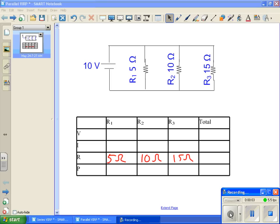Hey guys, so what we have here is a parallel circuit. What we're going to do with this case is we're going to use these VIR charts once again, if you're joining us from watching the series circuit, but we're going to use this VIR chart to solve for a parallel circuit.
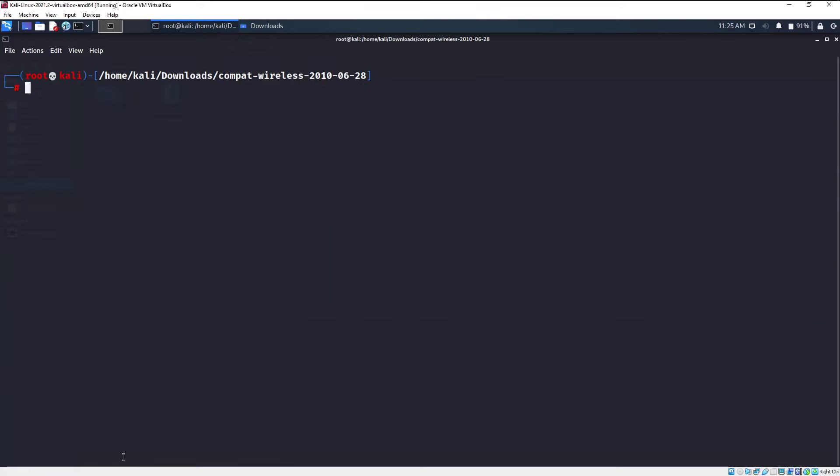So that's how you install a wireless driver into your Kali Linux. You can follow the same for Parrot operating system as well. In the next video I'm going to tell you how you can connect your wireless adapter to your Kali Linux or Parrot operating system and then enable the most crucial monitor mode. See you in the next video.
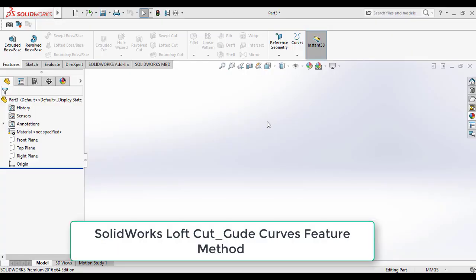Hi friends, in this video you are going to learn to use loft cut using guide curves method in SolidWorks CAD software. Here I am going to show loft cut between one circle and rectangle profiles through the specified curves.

==

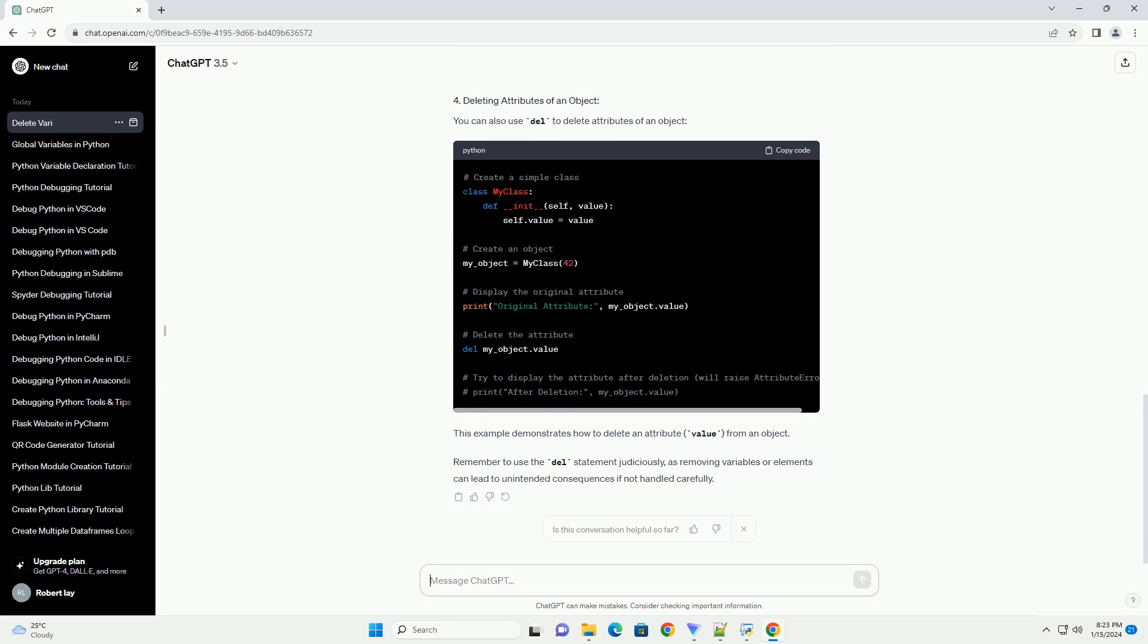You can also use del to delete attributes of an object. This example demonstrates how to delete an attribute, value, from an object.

#### [Assignment]
Using the data above, retype exactly and only the lines from the one containing "Hey guys, so" up to and including the one containing "So that's how", with no pictures carried over.

#### [Exercise answer]
Hey guys, so what we have here is a parallel circuit. What we're going to do with this case is we're going to use these VIR charts once again, if you're joining us from watching the series circuit, but we're going to use this VIR chart to solve for a parallel circuit.
So that's how you install a wireless driver into your Kali Linux. You can follow the same for Parrot operating system as well. In the next video I'm going to tell you how you can connect your wireless adapter to your Kali Linux or Parrot operating system and then enable the most crucial monitor mode. See you in the next video.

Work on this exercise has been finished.